→ Activity
Go to the line with "2013 Volkswagen JETTA 2.0L S 照片 4" in the entries below and write out every line from there through the line with "Ο Νάστος έφυγε από τη Ραπίντ Βουκουρεστίου", exactly and without pictures.

→ Source records
- Opening Delimiter -

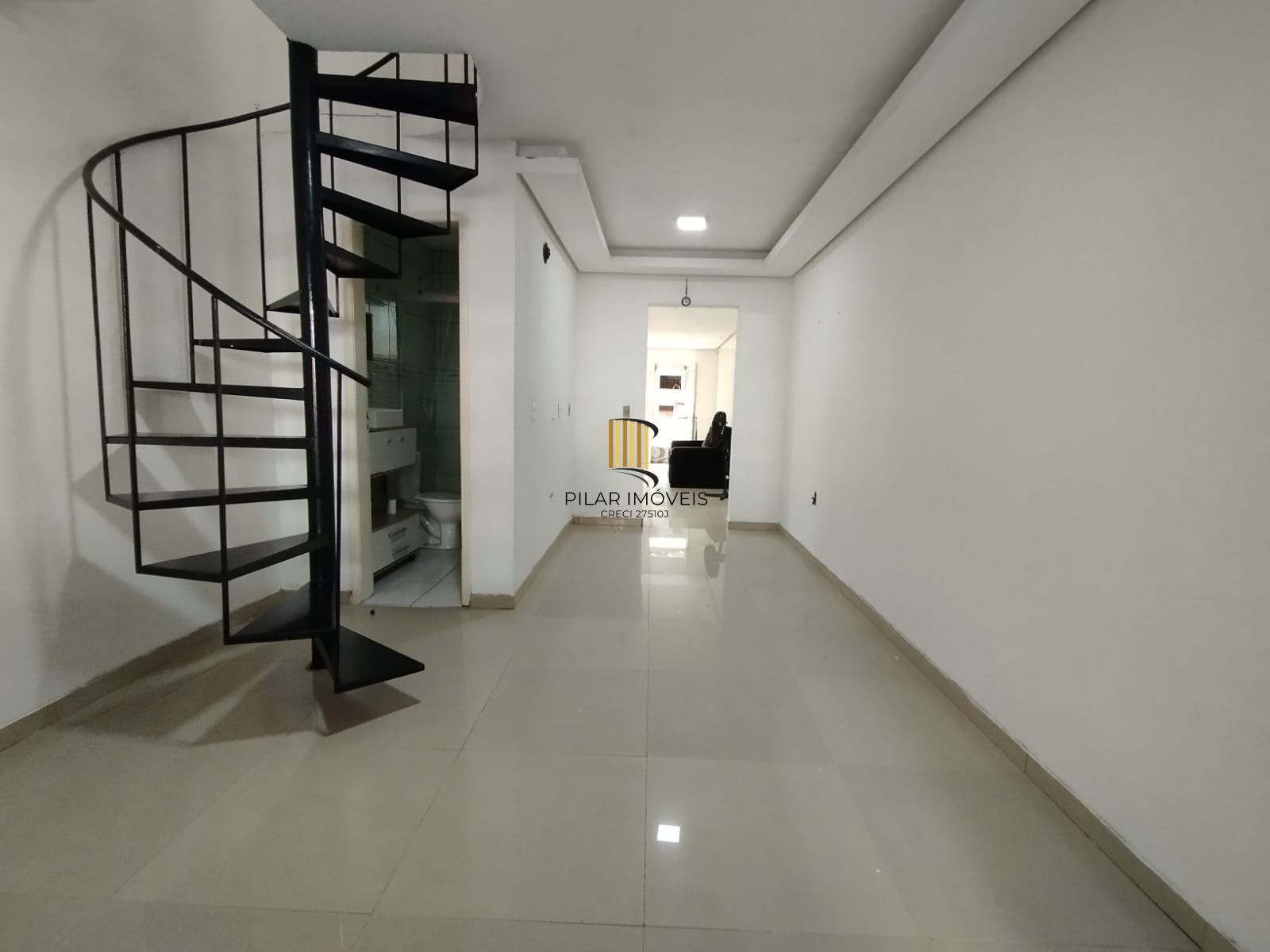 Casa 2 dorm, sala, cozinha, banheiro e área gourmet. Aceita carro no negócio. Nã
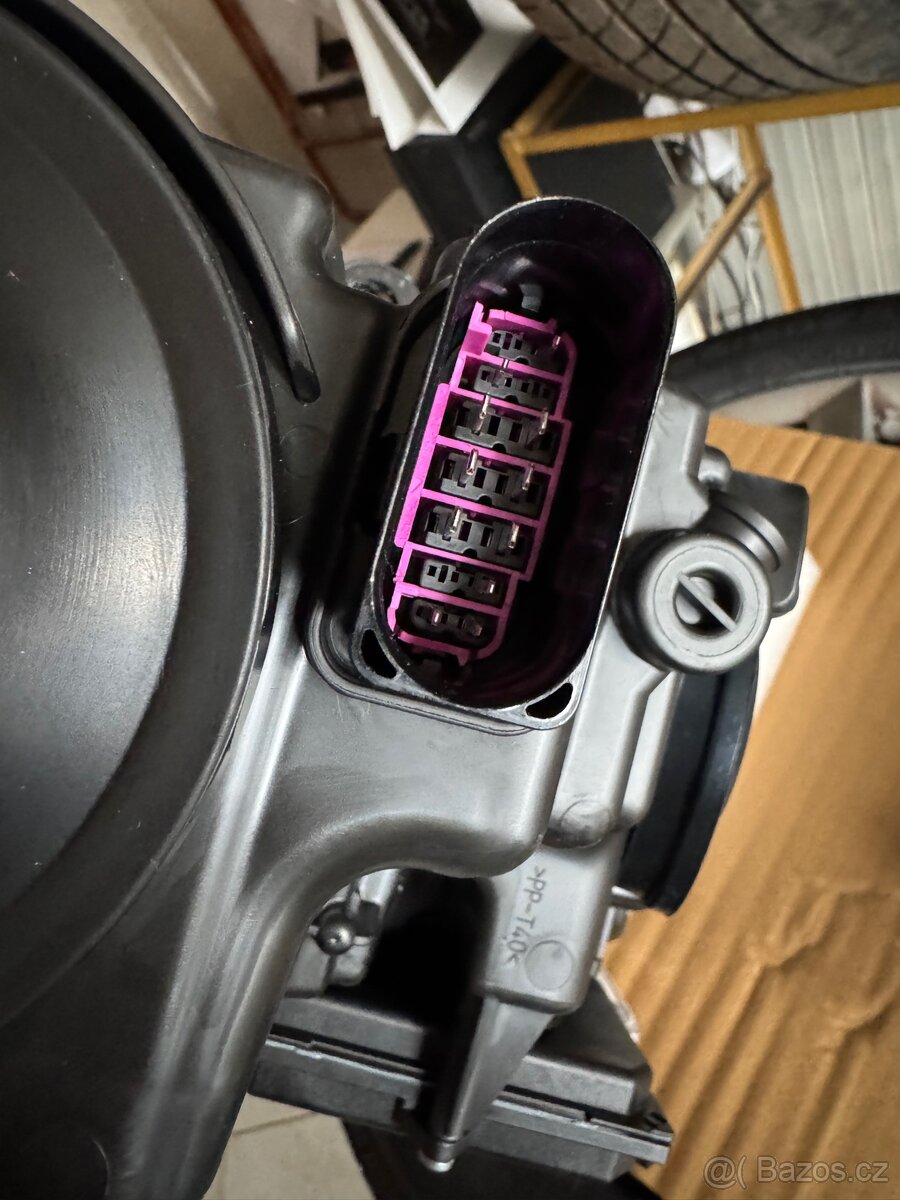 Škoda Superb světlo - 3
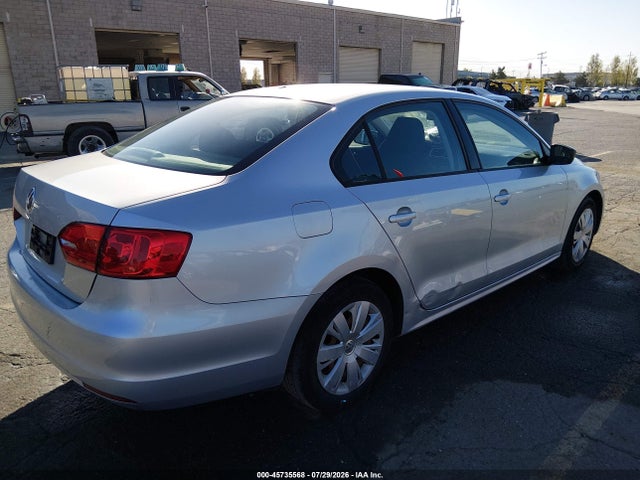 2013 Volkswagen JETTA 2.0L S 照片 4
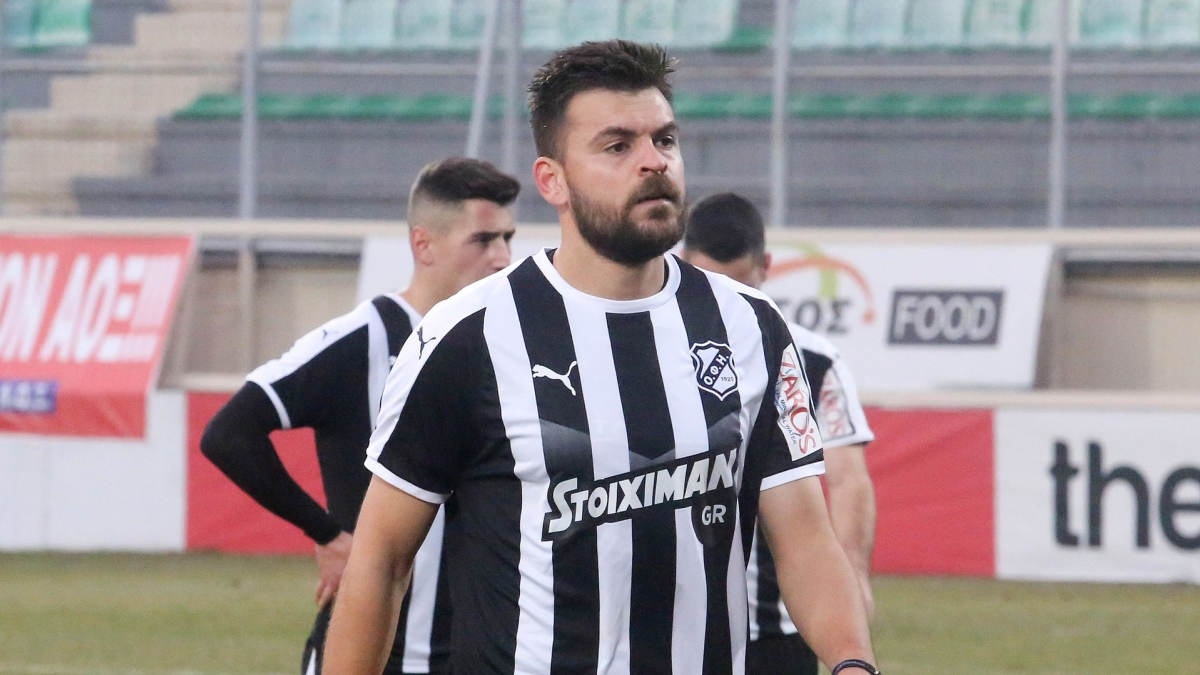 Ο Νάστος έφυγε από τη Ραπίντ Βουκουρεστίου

- Closing Delimiter -
- Opening Delimiter -

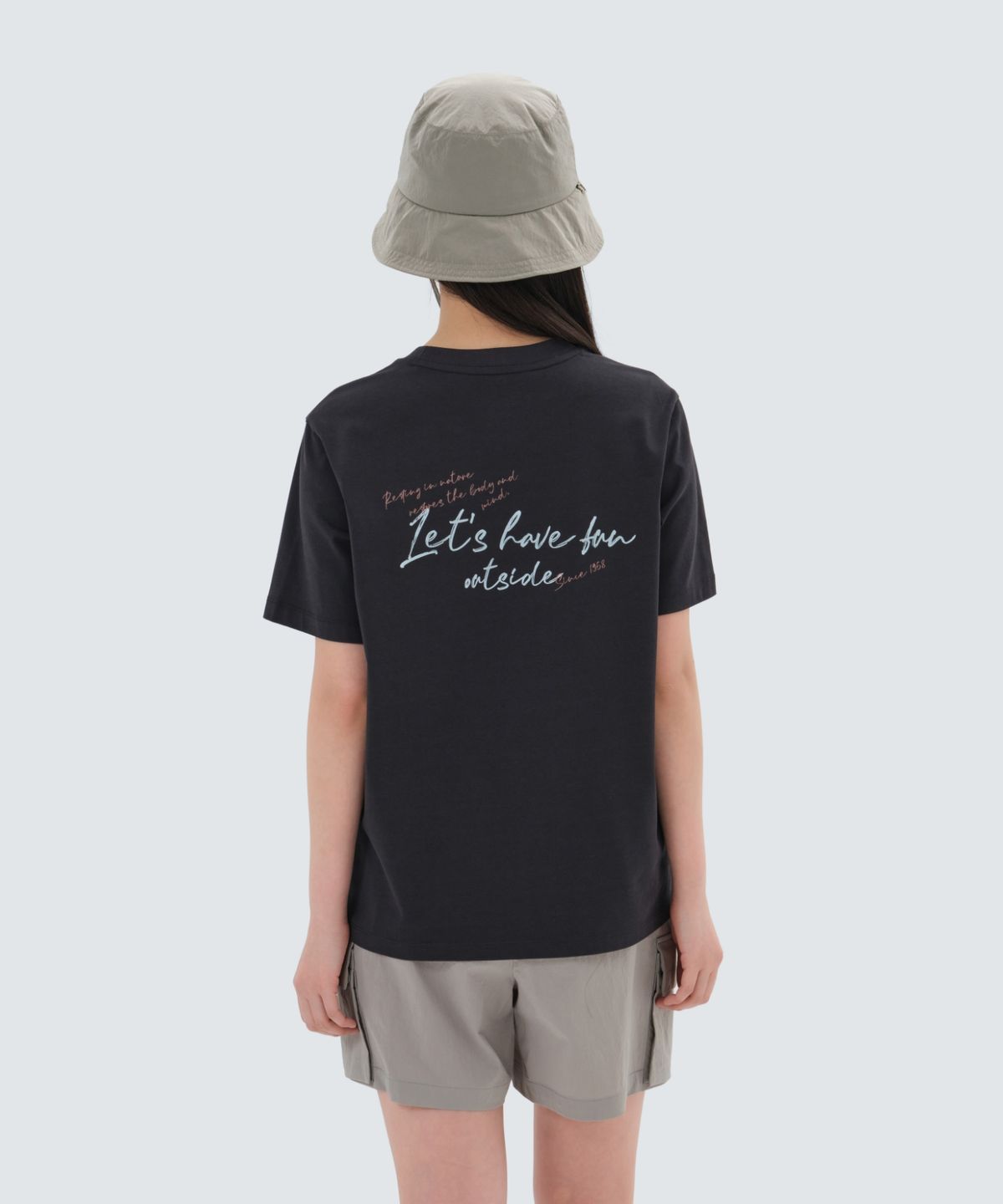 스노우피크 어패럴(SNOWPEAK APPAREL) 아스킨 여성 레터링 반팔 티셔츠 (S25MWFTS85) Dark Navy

- Closing Delimiter -

→ Response to this exercise
 2013 Volkswagen JETTA 2.0L S 照片 4
 Ο Νάστος έφυγε από τη Ραπίντ Βουκουρεστίου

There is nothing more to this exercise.